Commissioner Bruce Holmes proposed transferring funds from the fourth special purpose local option sales tax earmarked for a police station in Stockbridge’s Fairview community, part of his district.

The funds would go into the budget for the upcoming Village Park at North Henry, a $6.8 million project also on the sales tax list and in his district.

If approved, the amended budget would have paid for nearly four miles of 8-foot wide multi-use paths, connecting the new park to nearby DeKalb County.

Residents like county District Attorney Darius Pattillo, Vivian Thomas and Sarah Billups of the Henry County branch of the NAACP and county school board member Annette Edwards supported Holmes’ position.

Some said installing pedestrian paths leading to the park on busy Fairview Road is a matter of life and death.

“I want to know, if a life is lost trying to get to and from that park, which one of you is willing to take the blame?” Thomas said at the county commission meeting Feb. 7. “The safety of our children is not negotiable.”

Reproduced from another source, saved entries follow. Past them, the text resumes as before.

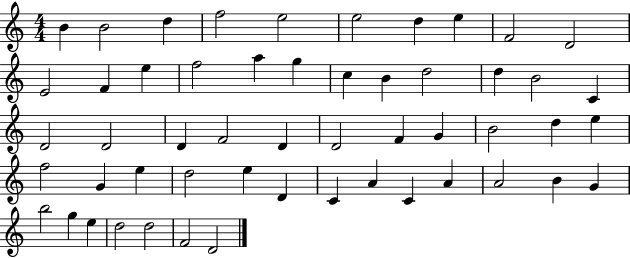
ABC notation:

X:1
T:Untitled
M:4/4
L:1/4
K:C
B B2 d f2 e2 e2 d e F2 D2 E2 F e f2 a g c B d2 d B2 C D2 D2 D F2 D D2 F G B2 d e f2 G e d2 e D C A C A A2 B G b2 g e d2 d2 F2 D2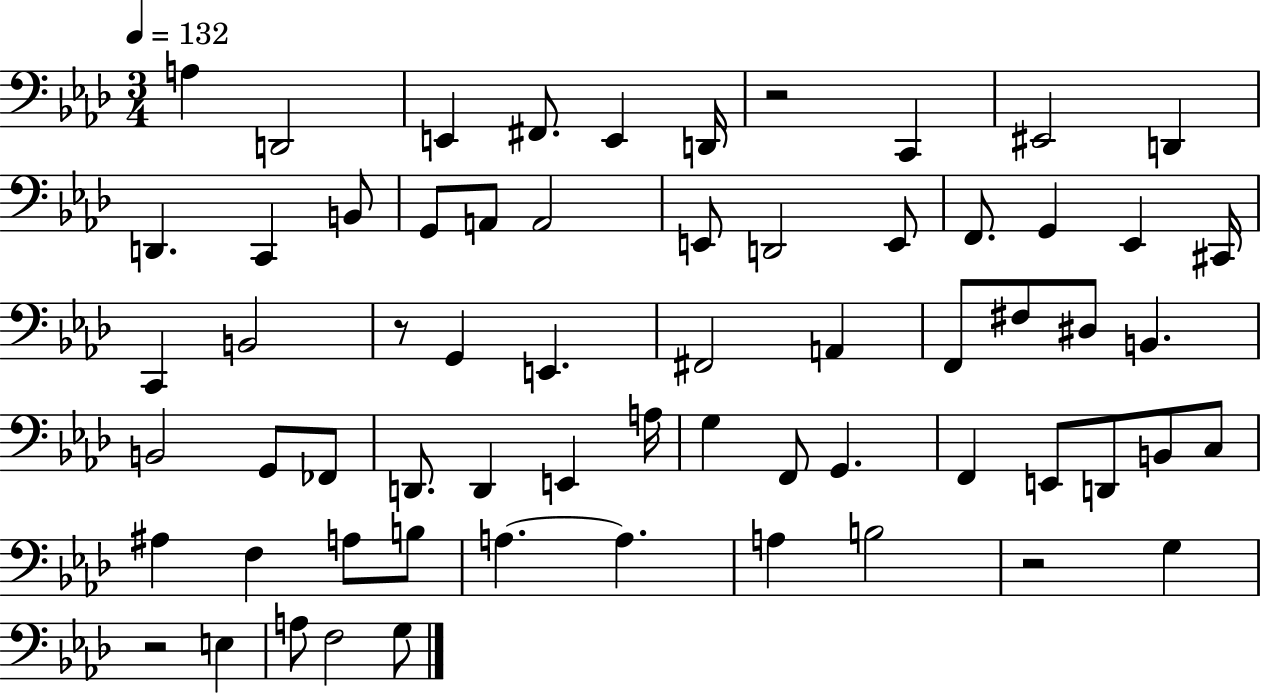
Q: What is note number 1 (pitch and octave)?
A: A3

Holmes said the area needs walkability, not a new precinct.

“The police have done a fantastic job bringing crime down low,” he said. “Fairview hasn’t seen a murder in over a decade. Fairview is a safe community.”

Holmes said the funds will still apply to public safety.

“The reason we’re here today is for the protection of our citizens and the protection of those kids,” he said. “That area is a very dense community. It’s highly populated and given the fact that (Village Park) is a destination park, these citizens need trails to keep them safe.”

According to officials, the new precinct, on the sales tax list approved by voters in 2013, is for a potential Stockbridge police department.

At present, the city contracts with the Henry County Police Department for law enforcement services.

“It looks like the city of Stockbridge probably will not start a police department until the next SPLOST,” Commissioner Blake Prince said.

Holmes said rolling over projects from one sales tax renewal to another is a common practice.

“The next SPLOST we’ll be working on within the next couple of years,” he said. “If Stockbridge decides at that particular time that they’re going to move forward with their own police department, then we’ll put it back.”

County Attorney Patrick Jaugstetter said tabling the project outright is not an option unless voters choose otherwise.

“All of the items listed on the SPLOST resolution, all of the Tier 1 items, we are lawfully required to complete them,” he said. “We can’t just say we don’t want to do a project.”

Chair June Wood agreed.

“We don’t know what the city of Stockbridge is going to do,” Wood said. “But we do need to identify that these have been priorities that the citizens have identified.”

Her stance disappointed Holmes.

“This is somebody who’s not going to take this county in a direction that it needs to go,” he said. “That’s not leadership.”

Wood thanked him for his comments and proceeded with a discussion that included input from commissioners Gary Barham, Dee Clemmons and Johnny Wilson.

The debate ended with a 3-3 tied vote, leaving the funds in their original place.

Clemmons, Holmes and Prince voted in favor; Barham, Wilson and Wood were opposed.